Part of writing a good book is a difficult process. Even after “finishing” the book, i.e, the first draft, a writer still has a plenty of work to do. Unfortunately, this is the point where the writer can’t work alone. Every writer is naturally prejudiced towards his own work. The direction of the prejudice can vary, either in favor of the author or against him. There are two types of editing writers.
The first type is the “my writing is perfect, so it only needs a little editing to polish it up” kind. The other type is the “oh, my writing is terrible, it will never be any good” kind. Both are a problem. Personally, I lean towards the second type. Given the opportunity and time, I would have twenty drafts of every story I ever wrote and I’d still be trying to improve them.
This is where other people come in. You’ve already done the part that no-one else can do; pulled a story out of your imagination. After that, you’ll need help. The readers don’t have a clue what your story is about, except for what they can see on paper. That means they can be easily confused when the writer throws plots, details, or people into the story without explaining them. New authors often forget they haven’t explained something; they already know all the details, so a chapter can make sense to them and still be a dizzying maze to a reader.
After the plot problems are fixed, you have the spelling and grammatical errors. Those HAVE to be fixed, no ifs-and-or-buts. The ones that are intentional, most often used in dialogue, can stay; everything else goes.
At the very end, the “tone” of the book has to be inspected. The tone is the narrative attitude, the way the characters talk, the consistency in both description and action. All of these things should be steady, not varying throughout the book. If the narrative begins in a friendly, conversational tone, it should stay that way throughout the book. If the narrative gradually starts to sound “bardic” or “records-keeper”, it probably needs a rewrite, to even out this error in tone.
All of this, however, I’ve already said before in other posts. So, you ask…why did I bother bringing it all up again? Most of the other posts have been recent enough that I don’t need to recap. True.

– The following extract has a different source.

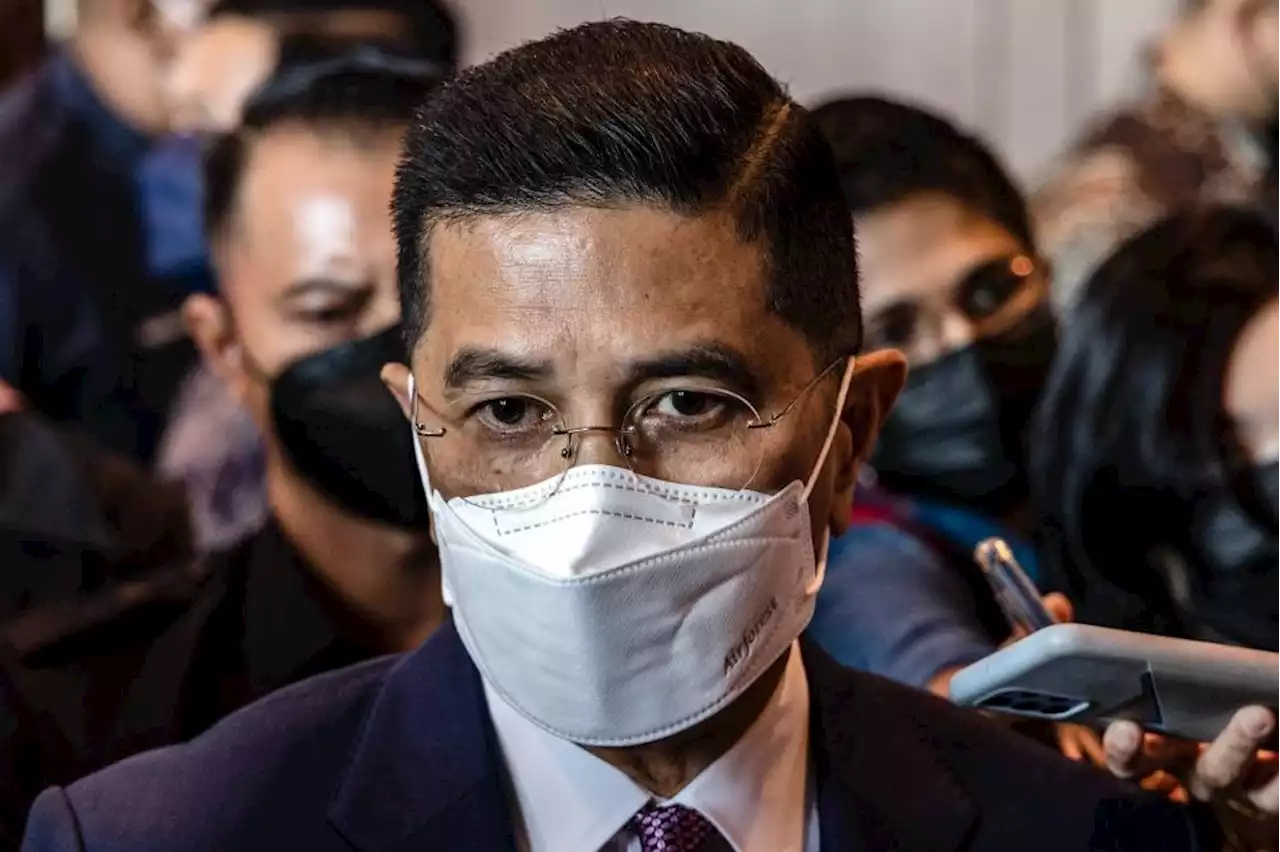 Azmin Ali urges delay to Parliament dissolution for after-effects of CPTPP to take hold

The question is; how to do the best job of all of this. I’m coming very close to finishing several books and short stories, close enough to feel ready to send them to a publisher. I might even publish my short stories myself, rather than send them to a magazine.
Now, one of the best things you can do for your book is to hire an editor. It improves it in many ways, not least by providing a non-biased reader. The editor can provide many services, not least important of which is an general opinion (usually called a manuscript critique). The best aspect of an editor, after the actual editing benefits, is that many agents and publishers appreciate a book which has already been edited. There are many reasons for this, but the one that is most important to writers is that the agent assumes that if the writer will pay to have his book edited, he actually cares about how good it is.
There’s one really big problem here, though. An editor costs money. Quite a bit of money. To have my first novel edited by a free-lance editor would cost me in the area of 2-3,000 dollars. That price would include the full edit, from grammar checks to manuscript critique. (the manuscript critique alone costs several hundred, a more affordable price) Much as I love my writing and would like to do my best, I don’t HAVE three grand to spend. On anything.
So, what the heck to do? For the present, I am just going to be as hard on my writing as possible and rely on my beta-readers to help me fix the problems that slip through.